▶ _INSTRUCTIONS FOR THE TASK_
Retype verbatim the lines of the listing, from the very first through the line with "Close-up of premium".

= = =

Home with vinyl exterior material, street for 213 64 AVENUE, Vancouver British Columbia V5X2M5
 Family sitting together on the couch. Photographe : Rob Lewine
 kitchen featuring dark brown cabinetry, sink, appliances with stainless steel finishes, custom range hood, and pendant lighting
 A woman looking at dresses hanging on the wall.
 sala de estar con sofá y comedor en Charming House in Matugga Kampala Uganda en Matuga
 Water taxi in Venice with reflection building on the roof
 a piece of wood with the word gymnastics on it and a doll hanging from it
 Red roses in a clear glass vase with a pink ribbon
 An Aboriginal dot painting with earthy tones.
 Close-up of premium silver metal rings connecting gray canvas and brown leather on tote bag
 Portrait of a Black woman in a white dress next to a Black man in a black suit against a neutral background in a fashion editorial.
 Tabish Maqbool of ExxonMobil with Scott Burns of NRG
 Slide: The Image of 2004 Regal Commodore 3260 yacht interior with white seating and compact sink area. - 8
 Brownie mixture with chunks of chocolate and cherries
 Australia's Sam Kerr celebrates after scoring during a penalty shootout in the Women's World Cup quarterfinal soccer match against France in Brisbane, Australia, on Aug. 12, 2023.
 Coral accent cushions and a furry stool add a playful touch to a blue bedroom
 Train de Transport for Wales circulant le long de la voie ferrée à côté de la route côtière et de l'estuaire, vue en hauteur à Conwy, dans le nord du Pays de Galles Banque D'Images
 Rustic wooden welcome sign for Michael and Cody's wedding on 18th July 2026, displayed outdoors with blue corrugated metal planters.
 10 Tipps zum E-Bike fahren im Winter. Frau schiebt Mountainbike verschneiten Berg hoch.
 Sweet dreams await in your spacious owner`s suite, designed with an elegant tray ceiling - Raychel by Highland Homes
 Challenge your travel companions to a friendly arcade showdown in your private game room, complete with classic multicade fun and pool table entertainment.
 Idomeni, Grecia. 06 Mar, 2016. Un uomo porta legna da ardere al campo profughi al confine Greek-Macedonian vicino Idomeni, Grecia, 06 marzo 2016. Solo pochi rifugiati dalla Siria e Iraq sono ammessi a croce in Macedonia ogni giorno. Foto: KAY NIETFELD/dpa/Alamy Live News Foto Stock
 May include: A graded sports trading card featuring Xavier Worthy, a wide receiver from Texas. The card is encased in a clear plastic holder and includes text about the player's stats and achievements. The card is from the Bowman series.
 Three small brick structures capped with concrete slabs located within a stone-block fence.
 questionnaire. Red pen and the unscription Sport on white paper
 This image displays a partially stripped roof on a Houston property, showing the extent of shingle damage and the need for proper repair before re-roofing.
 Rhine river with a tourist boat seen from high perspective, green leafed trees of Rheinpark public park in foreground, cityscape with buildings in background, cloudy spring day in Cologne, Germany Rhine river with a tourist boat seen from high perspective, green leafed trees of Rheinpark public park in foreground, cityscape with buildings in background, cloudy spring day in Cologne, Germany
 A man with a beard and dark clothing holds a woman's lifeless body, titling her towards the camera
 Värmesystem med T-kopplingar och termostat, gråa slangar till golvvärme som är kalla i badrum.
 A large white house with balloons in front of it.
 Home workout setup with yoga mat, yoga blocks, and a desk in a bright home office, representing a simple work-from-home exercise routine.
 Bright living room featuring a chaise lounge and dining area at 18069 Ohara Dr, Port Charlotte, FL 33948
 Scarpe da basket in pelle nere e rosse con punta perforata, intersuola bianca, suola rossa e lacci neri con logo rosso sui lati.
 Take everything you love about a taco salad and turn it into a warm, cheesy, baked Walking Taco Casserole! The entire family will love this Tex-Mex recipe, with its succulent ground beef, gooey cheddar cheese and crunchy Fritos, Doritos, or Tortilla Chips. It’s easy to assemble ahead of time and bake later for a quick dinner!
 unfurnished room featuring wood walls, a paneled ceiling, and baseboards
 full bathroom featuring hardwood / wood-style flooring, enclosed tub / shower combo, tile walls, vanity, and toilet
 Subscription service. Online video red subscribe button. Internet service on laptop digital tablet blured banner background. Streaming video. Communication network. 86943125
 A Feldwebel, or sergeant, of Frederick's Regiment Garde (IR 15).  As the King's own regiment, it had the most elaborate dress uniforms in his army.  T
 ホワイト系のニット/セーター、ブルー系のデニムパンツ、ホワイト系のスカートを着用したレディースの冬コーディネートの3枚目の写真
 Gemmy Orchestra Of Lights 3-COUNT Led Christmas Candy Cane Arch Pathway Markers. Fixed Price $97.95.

= = =

▶ _ANSWER SPACE_
Home with vinyl exterior material, street for 213 64 AVENUE, Vancouver British Columbia V5X2M5
 Family sitting together on the couch. Photographe : Rob Lewine
 kitchen featuring dark brown cabinetry, sink, appliances with stainless steel finishes, custom range hood, and pendant lighting
 A woman looking at dresses hanging on the wall.
 sala de estar con sofá y comedor en Charming House in Matugga Kampala Uganda en Matuga
 Water taxi in Venice with reflection building on the roof
 a piece of wood with the word gymnastics on it and a doll hanging from it
 Red roses in a clear glass vase with a pink ribbon
 An Aboriginal dot painting with earthy tones.
 Close-up of premium silver metal rings connecting gray canvas and brown leather on tote bag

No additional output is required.